Marcello Duarte Mathias, de 76 anos, é diplomata e escritor, ficcionista, memorialista, ensaísta e também autor de alguns diários.
Recebeu dois prémios, o de Jacinto Prado Coelho e o de D. Diniz, da Fundação Casa de Mateus.
Desempenhou na Argentina, na Unesco e na Índia, o cargo de Embaixador de Portugal!
Num dos seus diários, Diário da Abuxarda, escreveu o seguinte sobre Patrick Modiano, Prémio Nobel da Literatura:
"Abuxarda, quinta-feira, 9 de outubro 2014
Ao homenagear um autor como Modiano - o contrário do chamado intelectual engagé - a Academia de Estocolmo resistiu à tentação de valorizar a dimensão política como principal critério na atribuição do prémio.
Obcecado pela Paris da Ocupação alemã (1940-1944), a sua sensibilidade lembra por vezes, porque se alimentam de idêntico fascínio, a de François Truffaut, n'O Último Metro.
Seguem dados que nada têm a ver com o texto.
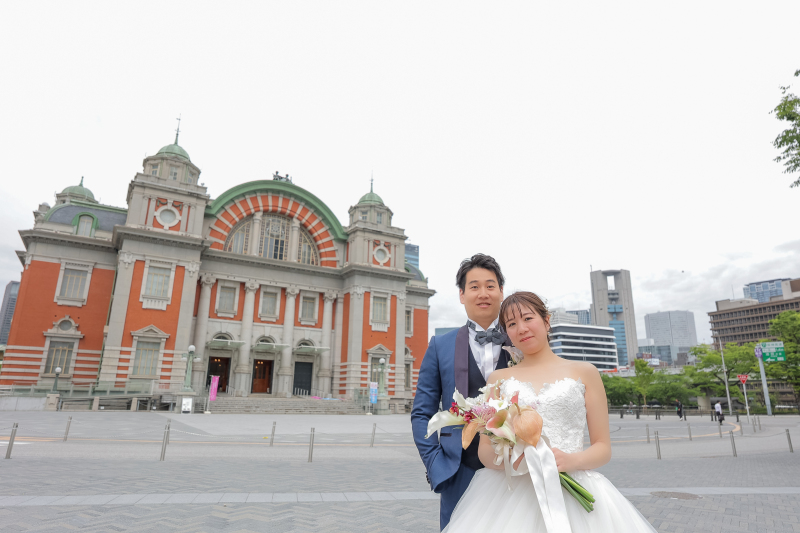 歴史ある建物と、華やかなブーケを添えて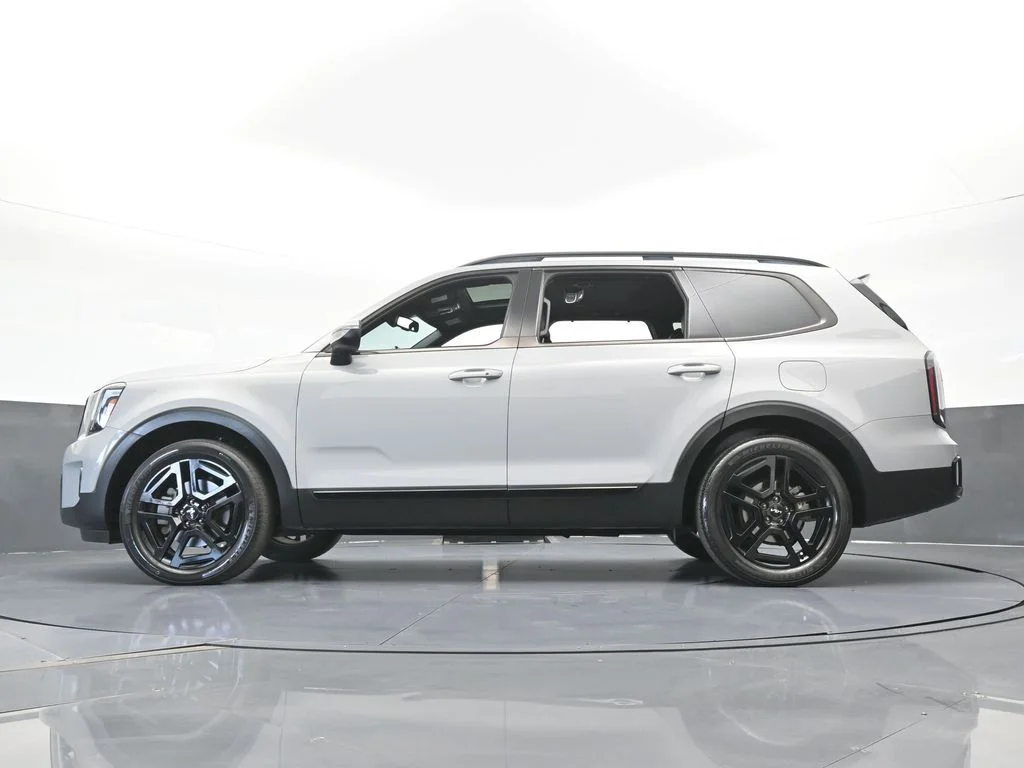 Used 2024 Wolf Gray Kia EX X-Line image 61
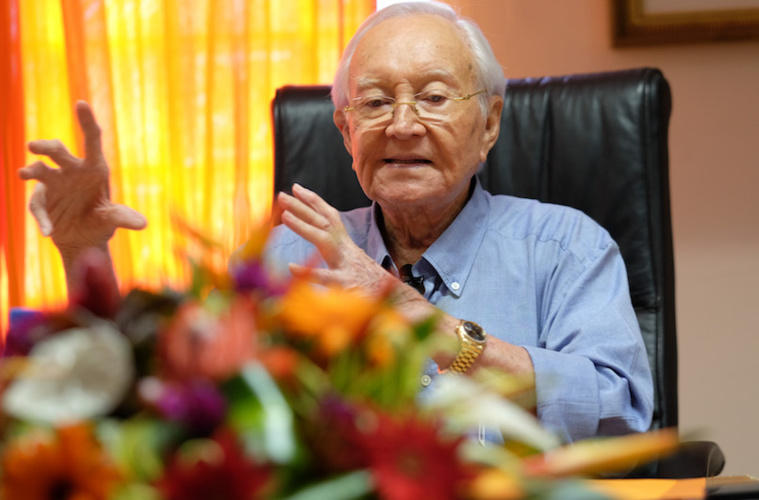 Un(e) remplaçant(e) de Gaston Flosse aux législatives choisi(e) au congrès Un(e) remplaçant(e) de Gaston Flosse aux législatives choisi(e) au congrès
Simplesmente aqui está-se perante uma Paris a preto e branco, com recolher obrigatório, mercado negro, lojecas e estaminés, identidades fictícias por entre denúncias e desaparecimentos. Cenário noturno cruzado por sombras, esquinas e medos.
Um escritor é, antes de mais, um olhar, e o de Modiano é inconfundível. Foi também isso que os académicos suecos quiseram distinguir. Um tom, uma entoação, um timbre de voz, ressonância antiga que gravita, de livro em livro, em torno dos mesmos temas e gentes, à maneira de uma teimosa reminiscência, que não é senão o fantasma da sua memória perdida.
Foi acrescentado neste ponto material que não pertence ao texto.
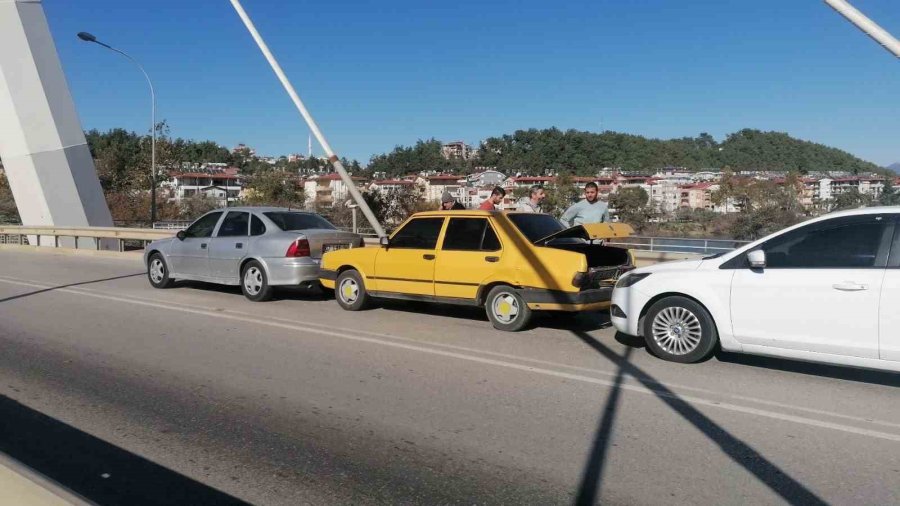 3 Otomobilin Karıştığı Zincirleme Kaza: 1 Yaralı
Toda a sua obra é um longo exílio circunscrito a meia dúzia de ruas dessa sua Paris crepuscular. Onde está a verdade e quem a saberá exumar...
Em meu entender, o melhor romance de Modiano, sucinto em extensão à semelhança de todos os seus livros, intitula-se Dora Bruder e inspira-se num facto verdadeiro: o percurso de uma rapariga judia que desaparece sem deixar rasto durante os anos da Ocupação alemã em Paris, vindo a morrer, juntamente com seus pais, em deportação.
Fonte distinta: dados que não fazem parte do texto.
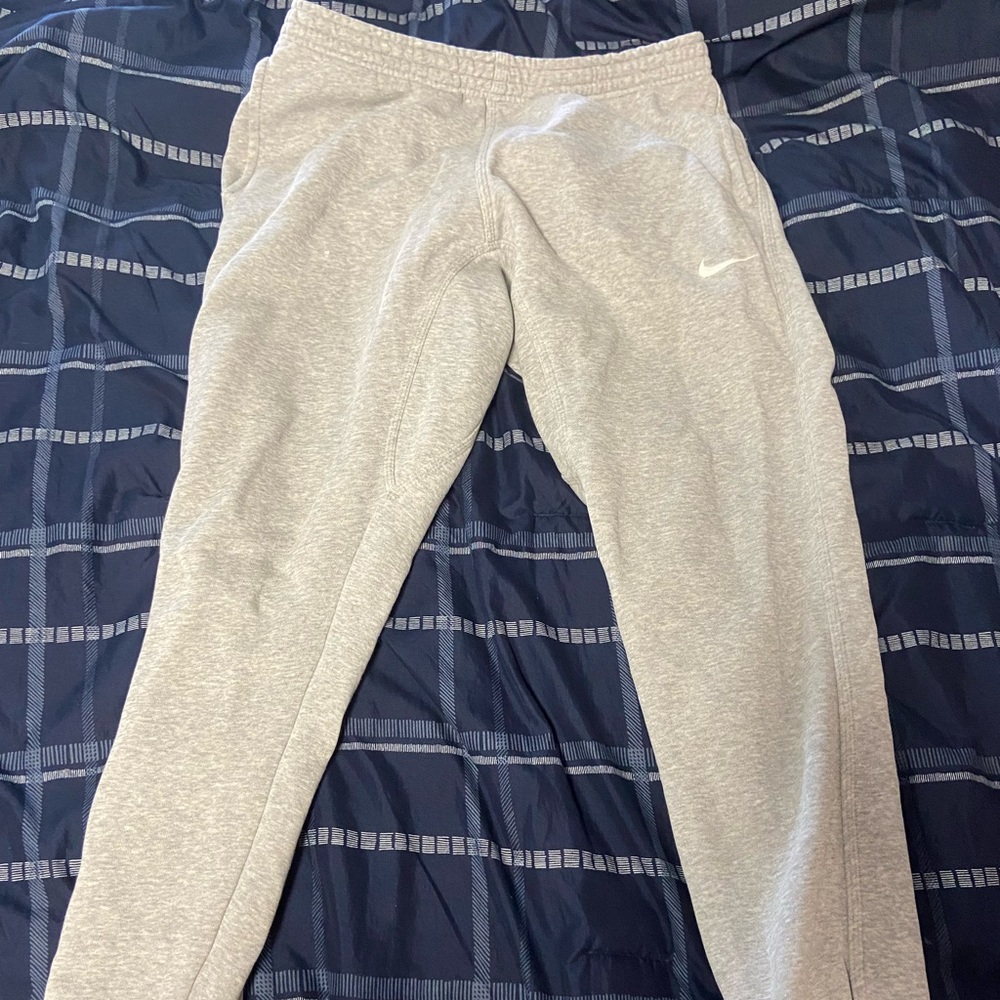 grey nike joggers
A brevidade do estilo, o lado neutro, deliberadamenre cinzento das descrições, aliados a essa espécie de voz off que acompanha a progressão da narrativa, lembra pelo gosto e minúcia do pormenor, o relato de uma investigação policial. Procura de uma presença que é afinal a nossa própria sombra.
Dora Bruder - a alma gémea de Irène Némirovsky?" (in jornal de letras.sapo.pt 15 a 28 abril 2015)
Li a obra vencedora do Prémio Nobel de Literatura 2014, "L'Horizon", e concordo com a leitura que Marcello Duarte Mathias faz dela. Patrick Modiano escreve "à maneira de uma teimosa reminiscência, que não é senão o fantasma da sua memória perdida."
Vou ler, seguramente neste verão, "Dora Bruder", do mesmo autor!